# Self-Catering Apartment on Hotel Grounds



## mozzer (3 Jan 2011)

Hi,

I'm looking to book a week away in April/May.  I need to have separate living room and 2 bed rooms but be close to a hotel to take adavantage of bar and leisure facilities.

Doesn't have to be 5 star, but would need to be comfortable and close to a good shopping town.

Final thing is, we'll have a 3 year old with us, so activities for kids would be essential.

Would consider anywhere in the country but it would be ideal if it was close to a beach.

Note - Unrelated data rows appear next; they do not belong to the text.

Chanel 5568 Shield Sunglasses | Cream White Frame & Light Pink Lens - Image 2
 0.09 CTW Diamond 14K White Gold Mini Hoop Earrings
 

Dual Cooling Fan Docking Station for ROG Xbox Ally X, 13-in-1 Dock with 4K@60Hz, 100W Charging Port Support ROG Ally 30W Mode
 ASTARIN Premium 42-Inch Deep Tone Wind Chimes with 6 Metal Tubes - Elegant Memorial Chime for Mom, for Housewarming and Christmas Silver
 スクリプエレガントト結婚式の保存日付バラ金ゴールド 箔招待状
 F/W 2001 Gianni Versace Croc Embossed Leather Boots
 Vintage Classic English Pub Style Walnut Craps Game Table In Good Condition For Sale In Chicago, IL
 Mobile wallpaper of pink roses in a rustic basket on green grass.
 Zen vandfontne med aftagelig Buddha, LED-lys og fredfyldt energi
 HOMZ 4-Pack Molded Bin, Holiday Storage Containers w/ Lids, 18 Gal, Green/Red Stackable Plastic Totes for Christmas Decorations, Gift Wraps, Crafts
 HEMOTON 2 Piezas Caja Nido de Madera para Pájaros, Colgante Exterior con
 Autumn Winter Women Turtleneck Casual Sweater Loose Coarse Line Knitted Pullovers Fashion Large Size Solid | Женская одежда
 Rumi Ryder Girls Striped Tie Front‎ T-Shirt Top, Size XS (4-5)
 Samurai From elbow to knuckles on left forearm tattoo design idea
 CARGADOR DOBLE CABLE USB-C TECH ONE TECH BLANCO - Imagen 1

Any advice would be very gratefully received.

Regards,

Mozzer


----------



## pj111 (3 Jan 2011)

I can thoughly recommend the Ashwood Apartments in the grounds of Mill Park Hotel in Donegal. - ashwooddonegal.com or millparkhotel.com for further details. Apartments are fully equipped, tv, dvd, microwave, washer dryer and they can provide high chairs etc if you need them. Couches are leather so no issue with thrashing the apartment. Access to hotel and leisure centre which has swimming pool. They will also organise a babysitter as well. 10 minutes walk from Donegal town. Two other great hotels nearby, Solis Lough Eske Hotel and Harveys Point and one of the countrys best restaurants up the road at St. Johns Point, Castlemurray House.


----------



## guzzler (5 Jan 2011)

+1 for Ashwood Apartment

Went there this summer for a week and Tina had everything perfect, dvds and books left outside the apartment for all to share. Tv with a dvd player in the kids room, so going to bed early no problem. Mill Park leisure facilities were great. Even though we are only 70 miles down the road, going again next year. La Bella Donna , lovely restaurant, Donegal town could do with more of these facilities but all good as Ashwood.


----------



## tosullivan (9 Jan 2011)

Blarney park resort or fota wildlife both near cork city


----------



## huskerdu (12 Jan 2011)

We stayed in a house in the grounds of the Quality Hotel in Youghal a few years ago.
I would recommend it. They also have apartments,


----------



## Shannon81 (13 Jan 2011)

mount wolsley(not sure if its spelt right) in tullow


----------



## okk (14 Jan 2011)

I would also recommend Mount Wolseley, lovely grounds, playground , swimming pool ,gym,golf and spa.Stayed there with family in selfcatering lodges.


----------



## Newbie! (14 Jan 2011)

Waterford Castle is beautiful and the houses are absolutely fabulous. They also do fantastic deals. Not specifically near a beach but beautiful coastal areas nearby. I thoroughly enjoyed my stay there. 
http://www.waterfordcastle.com/holidayhomes/photo-gallery.asp


----------